4.10 The PBO will comply with reporting requirements as may be
determined by the Commissioner of SARS.
4.11 No resources will be used directly or indirectly to support, advance or
oppose any political party.
4.12 If the PBO provides funds to any associations of persons contemplated
in paragraph 10(iii) or Part I of the Ninth Schedule to the Income Tax
Act, the PBO shall take reasonable steps to ensure that such funds are
utilised for the purpose for which they were provided.

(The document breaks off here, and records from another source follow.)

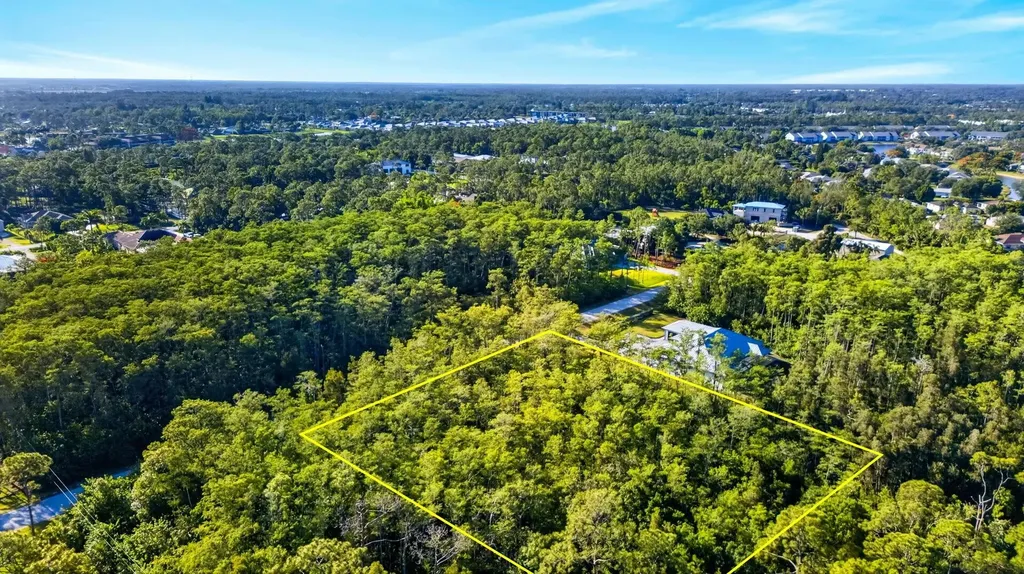 25504 Busy Bee Drive Bonita Springs FL 34135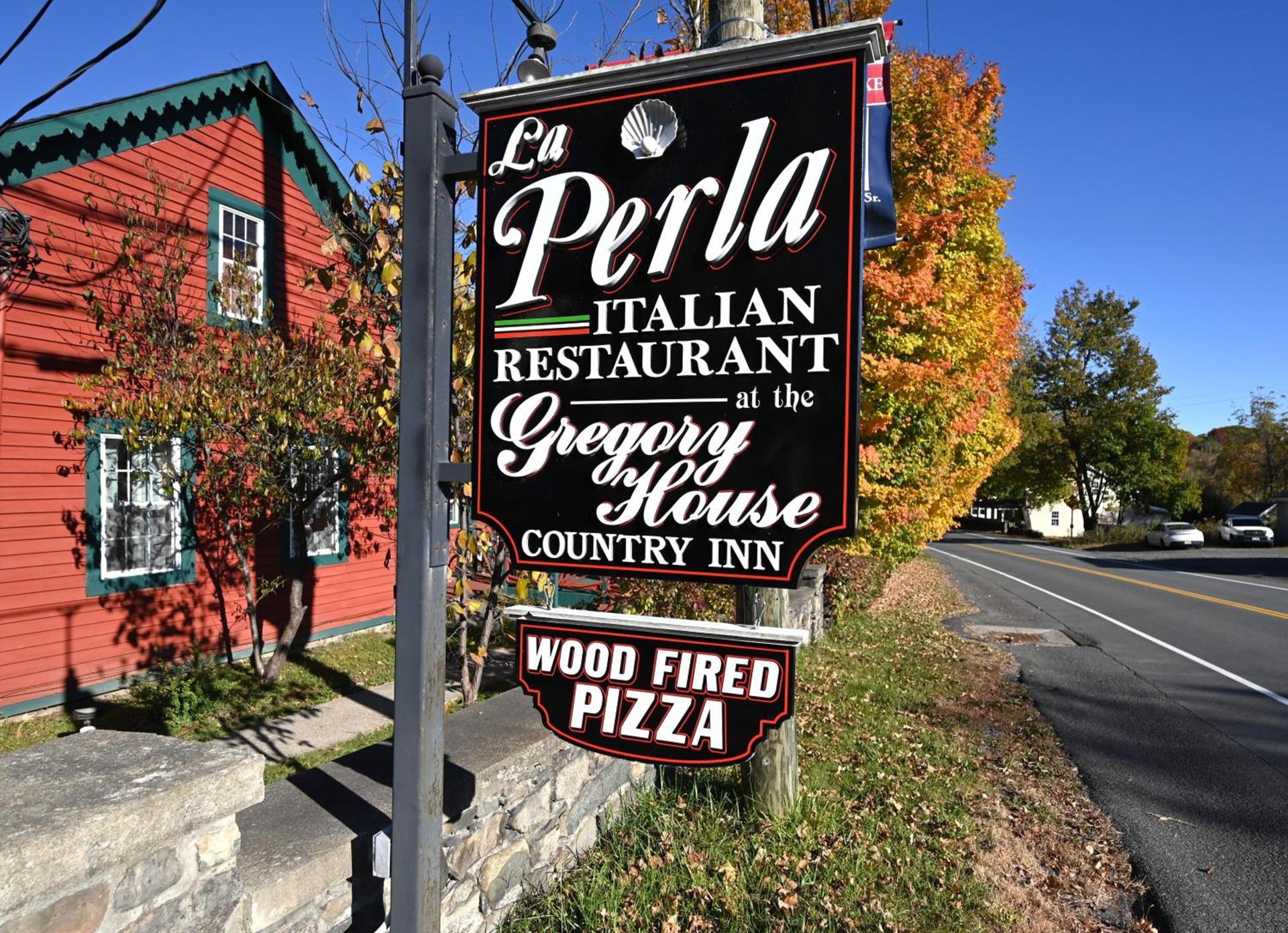 La Perla Restaurant & Country Inn photo 37
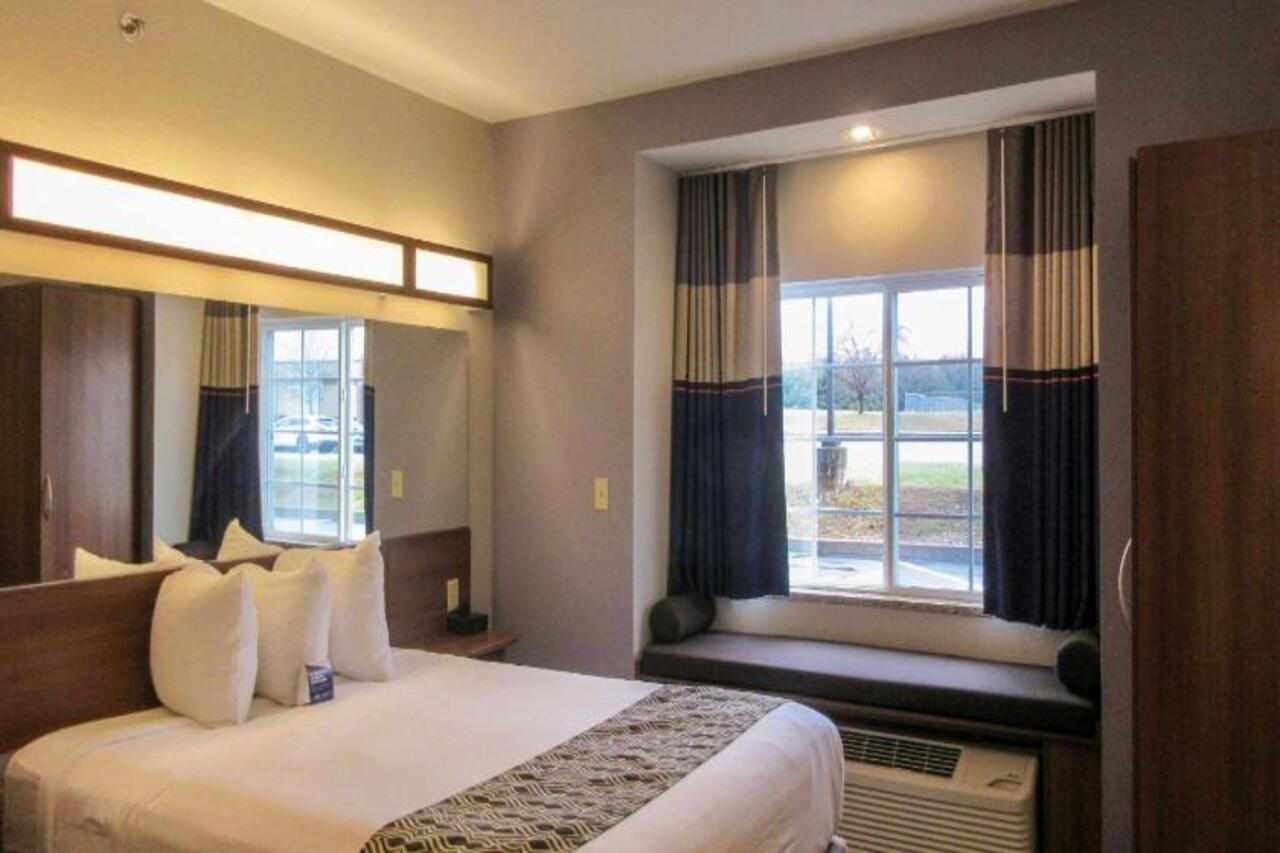 Quality Inn & Suites Caldwell I-77 Eksteriør billede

4.13 The PBO shall comply with such further conditions as may be
prescribed from time to time in terms of Section 30(3) of the Income
Tax Act.
4.14 A PBO approved under section 18A(1)(b) of the Income Tax Act, will
within twelve months after the end of the relevant year of assessment
distribute or incur the obligation to distribute at least 50% of all funds
received by way of donation during that year in respect of which
receipts were issued.
4.15 The Executive Committee shall ensure that the Association complied
with such requirements in the Income Tax Act relating to the provision
of any bursary, scholarship or award by a PBO, as may be determined
by the Commissioner from time to time.
The Association may pursue its objectives and aims in any legal and
appropriate manner, including by-
5.1 organising conferences, symposia, workshops, addresses, briefing
sessions or similar occasions;
5.2 promoting research (and its publication) and teaching in the field of
education law and policy;
5.3 publication of a journal, newsletter, information sheet, or the use of any
other communication medium;
5.4 effective liaison with South African education authorities at all levels;
5.5 promotion of active participation in and influencing of the public debate
on matters relating to education law and policy;
5.6 appropriate co-operation with as many South African, foreign and
international associations, institutions or individuals as possible that
pursue a corresponding purpose or can promote the realisation of the
Association’s purpose; and
5.7 active participation in programs to assist educationally disadvantage
members of the community.
6.1 The members of the Association are all the persons who have become
members interns of this Constitution;
6.2 The executive committee of the Association decides on the acceptance
of a person as a member, subject to this Constitution;
6.3 Every member of the Association has the duty to pay to the Association
the annual membership fee as determined by the executive committee of the Association;
6.4 The names and addresses and other contact details of all members
shall be recorded by the Secretary to whom members shall give notice
from time to time of any change of address and other contact details;
6.5 Members or office-bearers do not become liable for any of the
obligations and liabilities of the Association solely by virtue of their
status as members or office-bearers of the Association;
6.6 Every member of the Association has the rights provided for in this
Constitution and is specifically entitled to receive the publications of the Association on such conditions determined by the executive
committee;
6.7 Members of the executive committee are committed to the proper administration of the Association’s activities, and may not act dishonest or unethical, or abuse their position to enrich or benefit themselves or somebody else, or to disadvantage anybody;
6.8 The Members of the Association and the Committee may not distribute
ankky of its funds to any person, other than in the furtherance of any
public benefit activity;
6.9 Membership of the Association is terminated –
6.9.1 by written resignation of a member;
6.9.2 failure to pay the membership fee referred to in clause 6.3 before or
on the date annually determined by the executive committee; or
6.9.3 by way of a written notice by the executive committee when in the
opinion of the committee reasonable grounds exist to terminate the
membership of a member.
7.1 The executive committee consists of a president, deputy-president, a
secretary, a treasurer, and at least 3 (three) but not more than 6 (six)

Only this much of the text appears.